Afghanistan is al bijna vijftien jaar je belangrijkste onderzoeksonderwerp. Wat maakt dit land zo fascinerend?
“Ik denk dat er, cultureel gezien, maar weinig plekken bestaan die zo afwijken van wat we in West-Europa gewend zijn. De politiek is uitermate ingewikkeld en bij de besluitvorming gelden andere regels. Om naar niet te spreken over de turbulente geschiedenis en de vele etnische groeperingen. Dit maakt het tot een complex land. Telkens weer denken we Afghanistan te begrijpen, en vervolgens realiseren we ons dat we eigenlijk geen idee hebben. Hoe meer ik Afghanistan bezoek en hoe meer ik het land bestudeer, hoe meer ik besef: Ik weet helemaal niets. Dat is een beetje deprimerend, maar het moedigt ook aan om nog meer onderzoek te doen.”Was je verrast door de recente ontwikkelingen in Afghanistan?

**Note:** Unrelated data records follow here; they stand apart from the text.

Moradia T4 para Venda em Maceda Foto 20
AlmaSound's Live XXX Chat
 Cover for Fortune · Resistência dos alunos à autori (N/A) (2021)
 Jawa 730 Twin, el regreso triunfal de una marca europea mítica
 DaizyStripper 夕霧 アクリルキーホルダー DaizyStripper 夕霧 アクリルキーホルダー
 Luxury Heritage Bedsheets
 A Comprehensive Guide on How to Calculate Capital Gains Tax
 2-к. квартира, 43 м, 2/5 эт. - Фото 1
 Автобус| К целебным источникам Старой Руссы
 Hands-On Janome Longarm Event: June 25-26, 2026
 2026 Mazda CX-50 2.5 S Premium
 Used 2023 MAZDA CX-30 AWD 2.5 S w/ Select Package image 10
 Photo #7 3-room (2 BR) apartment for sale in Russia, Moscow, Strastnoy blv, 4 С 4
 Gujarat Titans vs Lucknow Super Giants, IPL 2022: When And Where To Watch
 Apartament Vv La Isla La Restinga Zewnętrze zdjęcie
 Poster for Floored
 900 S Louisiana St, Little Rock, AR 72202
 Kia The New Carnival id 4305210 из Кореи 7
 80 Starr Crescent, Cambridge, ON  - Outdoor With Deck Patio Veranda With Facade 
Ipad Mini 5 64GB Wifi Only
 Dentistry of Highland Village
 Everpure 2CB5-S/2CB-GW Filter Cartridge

“Het resultaat had ik zien aankomen, maar niet dat het zo snel zou gaan. Na de vredesakkoorden in Doha in februari 2020 zeiden veel mensen, waaronder ikzelf, al: Als de VS zich snel terugtrekt zonder de positie van de overheid te versterken, wordt het een ramp.De snelheid waarmee de Taliban het platteland veroverde was voorspelbaar omdat de overheid daar vrijwel onzichtbaar is. Maar ik was verrast door de snelheid waarmee ze de grote steden veroverden. Ik ging ervan uit dat het Afghaanse nationale leger en de Afghaanse veiligheidstroepen in ieder geval in staat zouden zijn om de controle te behouden over de vijf belangrijkste steden. Maar de Taliban hadden een uitgekiende strategie, zowel militair als politiek. En het moreel van het nationale leger was zeer laag omdat ze zich in de steek gelaten voelden door de VS. Ze hadden nauwelijks vertrouwen in het bewind van Ashraf Ghani. Bijna niemand was bereid om zijn leven te geven voor het regime.”
De Taliban zijn nu aan de macht en sommigen zeggen dat het een andere Taliban is dan in de jaren negentig.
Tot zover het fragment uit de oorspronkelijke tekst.